▶ YOUR ASSIGNMENT
Exact copy, no pictures: set down every entry below as written.

▶ SUPPLIED MATERIAL
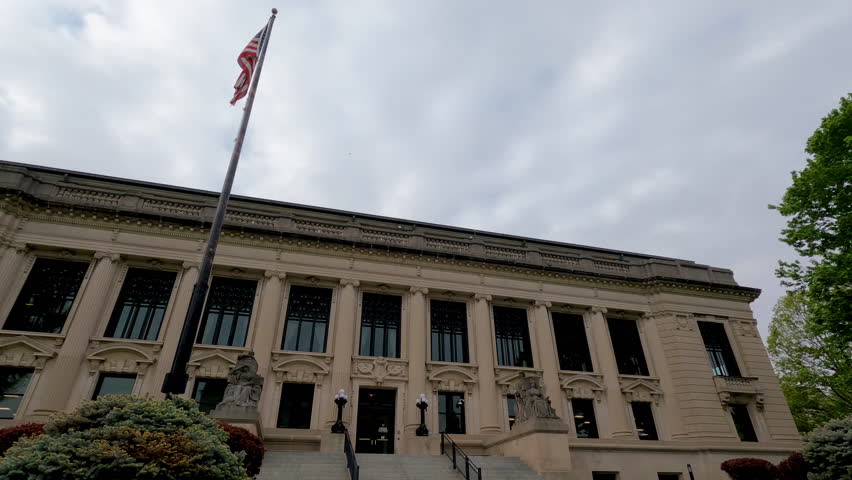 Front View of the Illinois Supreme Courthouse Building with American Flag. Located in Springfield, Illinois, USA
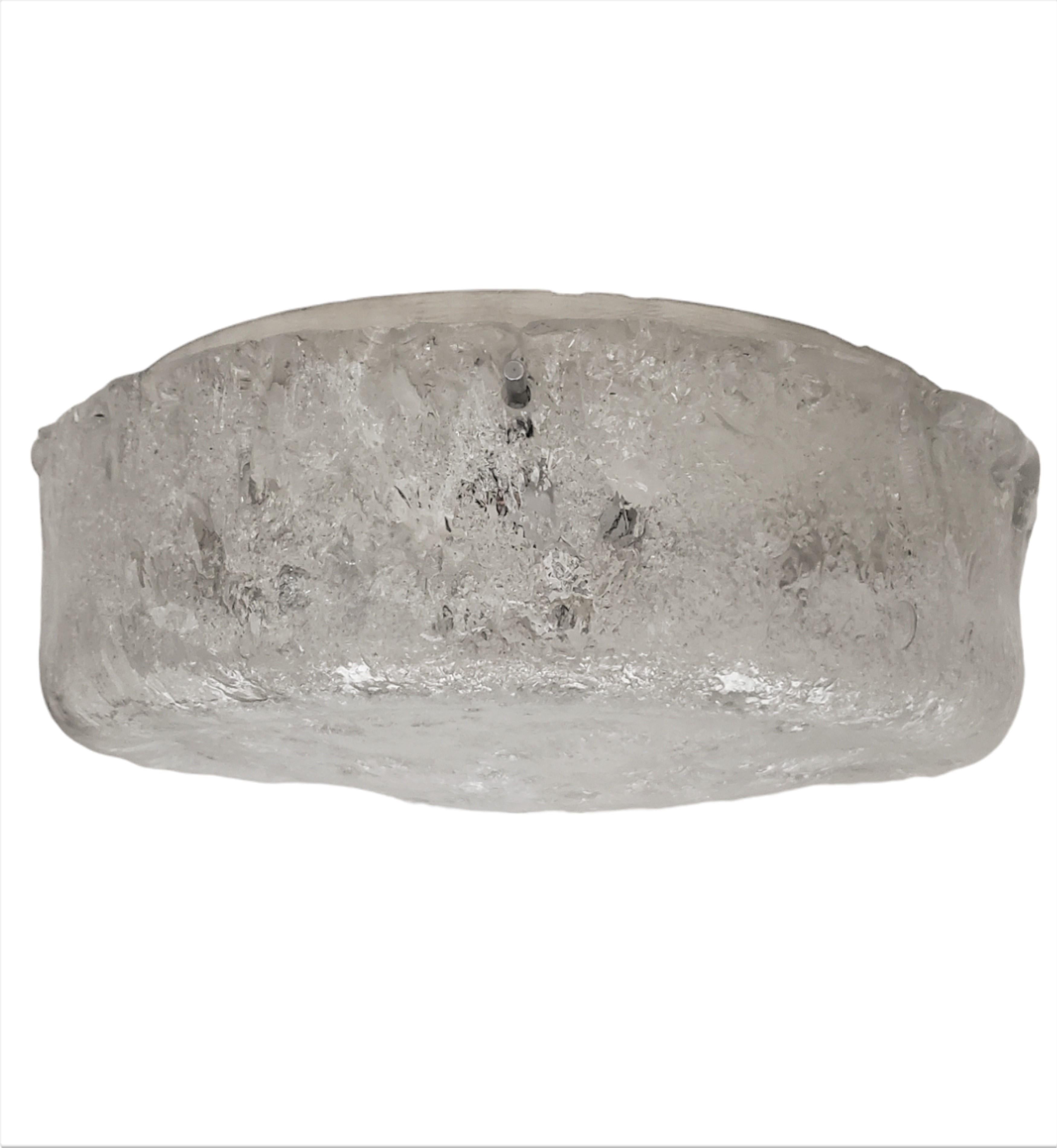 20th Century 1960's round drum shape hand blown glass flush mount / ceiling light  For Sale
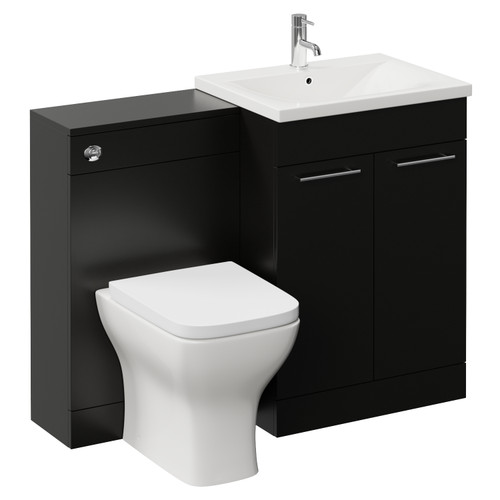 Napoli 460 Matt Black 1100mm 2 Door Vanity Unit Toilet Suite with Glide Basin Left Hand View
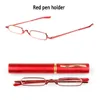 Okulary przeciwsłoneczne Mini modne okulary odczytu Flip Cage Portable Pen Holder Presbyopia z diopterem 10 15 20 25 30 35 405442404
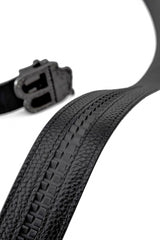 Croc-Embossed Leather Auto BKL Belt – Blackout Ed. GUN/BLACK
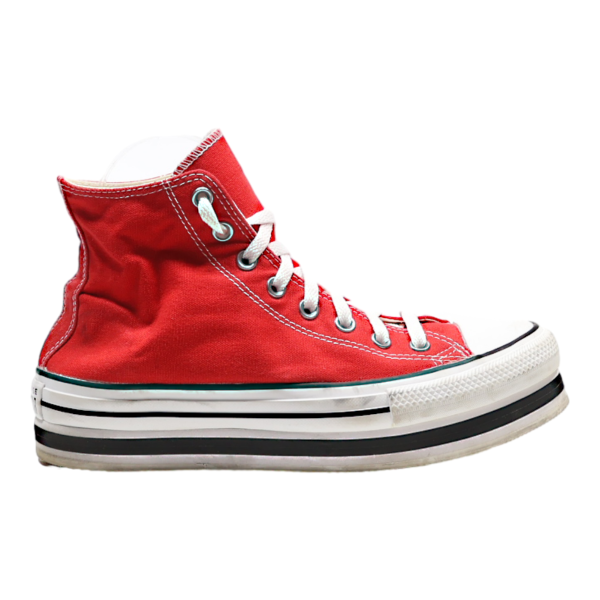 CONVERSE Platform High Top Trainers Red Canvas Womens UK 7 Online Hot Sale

▶ FINISHED EXERCISE
 Front View of the Illinois Supreme Courthouse Building with American Flag. Located in Springfield, Illinois, USA
 20th Century 1960's round drum shape hand blown glass flush mount / ceiling light  For Sale
 Napoli 460 Matt Black 1100mm 2 Door Vanity Unit Toilet Suite with Glide Basin Left Hand View
 Okulary przeciwsłoneczne Mini modne okulary odczytu Flip Cage Portable Pen Holder Presbyopia z diopterem 10 15 20 25 30 35 405442404
 Croc-Embossed Leather Auto BKL Belt – Blackout Ed. GUN/BLACK
 CONVERSE Platform High Top Trainers Red Canvas Womens UK 7 Online Hot Sale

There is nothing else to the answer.